2) After running unzip, fix the damage made to the
filenames using the convmv tool (http://j3e.de/linux/convmv/). The
following is an example for the ru_RU.KOI8-R locale:
Step 1. Undo the conversion done by unzip:
convmv -f iso-8859-1 -t cp850 -r --nosmart --notest \
</path/to/unzipped/files>
Step 2. Do the correct conversion instead:
convmv -f cp866 -t koi8-r -r --nosmart --notest \
</path/to/unzipped/files>
3) Apply the optional unzip-5.50-alt-iconv-v1.1.patch
patch to
UnZip. It will apply with some
offsets.
It allows to specify the assumed filename encoding in the ZIP
archive using the -O charset_name
option and the on-disk filename encoding using the -I charset_name
option. Defaults: the on-disk
filename encoding is the locale encoding, the encoding inside the
ZIP archive is guessed according to the builtin table based on the
locale encoding. For US English users, this still means that unzip
converts from CP850 to ISO-8859-1 by default.
Caveat: this method works only with 8-bit locale encodings, not
with UTF-8. Attempting to use a patched unzip in UTF-8 locales may result
in a segmentation fault and is probably a security risk.
Installation of UnZip
Note that if you applied the patch described above for locale
issues, the first required security patch will have some offsets.

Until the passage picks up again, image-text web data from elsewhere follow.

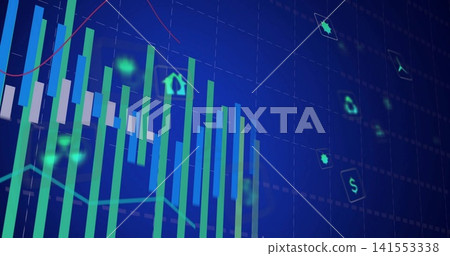 Showing green-blue bars rising on screen with candles, cyan-red lines, dashed grid, floating icons Showing green-blue bars rising on screen with candles, cyan-red lines, dashed grid, floating icons 141553338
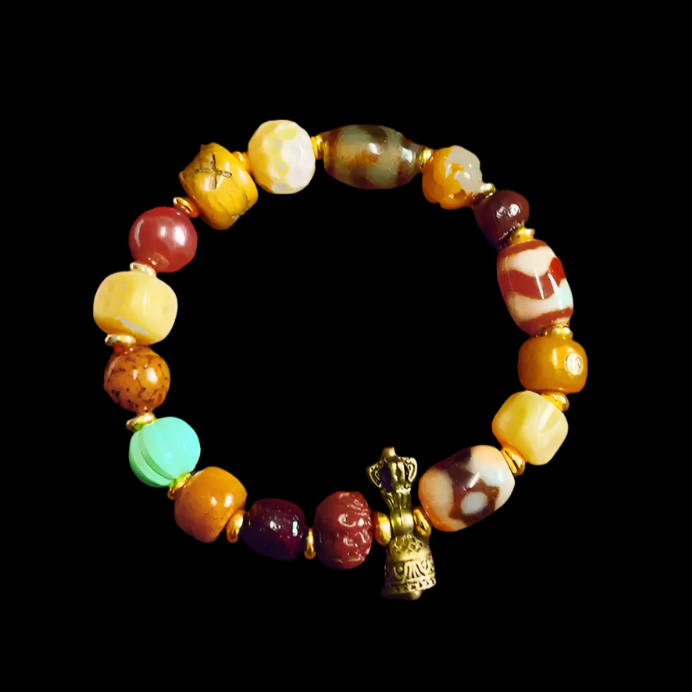 Punk Monk® Gemstone Prayer Bracelet with Vajra & Dzi Bead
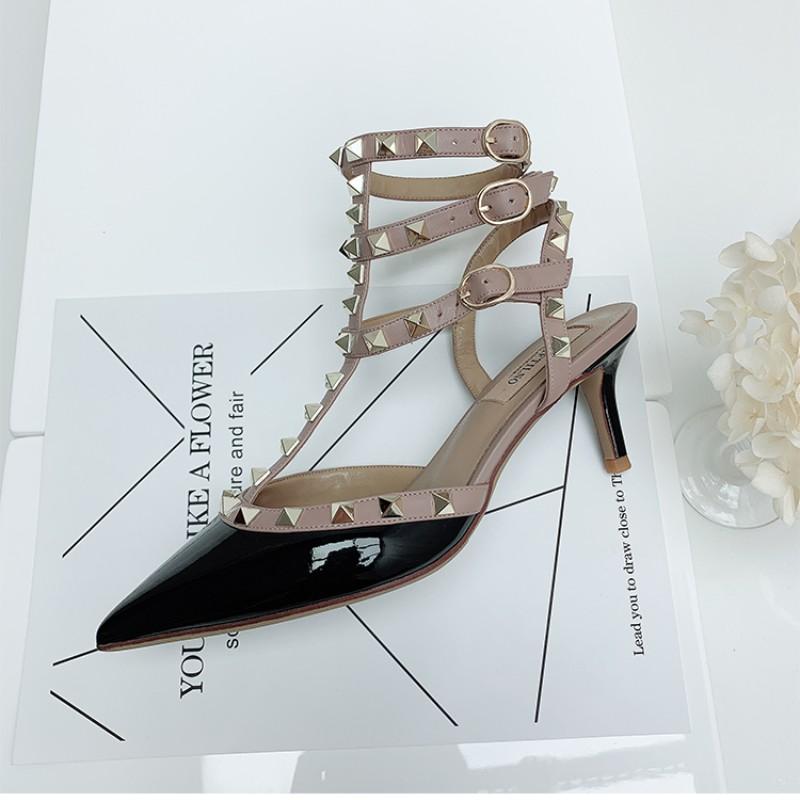 Genuine Leather Summer Women's Gladiator Sandals 2024 New Star Style Luxury Brand Rivet High Heels Designer Women's Pumps 33-41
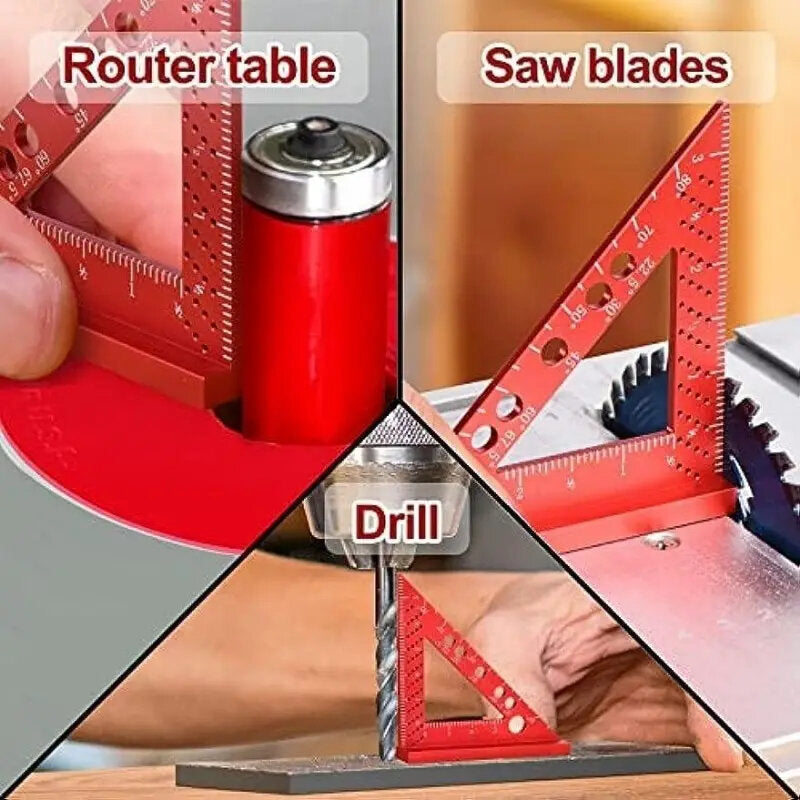Compact 4" Aluminum Square Tool for Precise Angles, Measurements & Marking - Rust-Proof, Portable, Red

Now install UnZip by running the
following commands:
patch -Np1 -i ../unzip-5.52-security_fix-1.patch &&
patch -Np1 -i ../unzip-5.52-security_fix-2.patch &&
make -f unix/Makefile LOCAL_UNZIP=-D_FILE_OFFSET_BITS=64 linux
To test the results, issue: make
check.
Now, as the root
user:
make prefix=/usr install
Command Explanations
linux
: This target in the
Makefile
makes assumptions that are
useful for a Linux system when compiling the executables. To obtain
alternatives to this target, use make
list
LOCAL_UNZIP=...
: This sets
the compilation flags to allow UnZip to handle files up to 4 GB.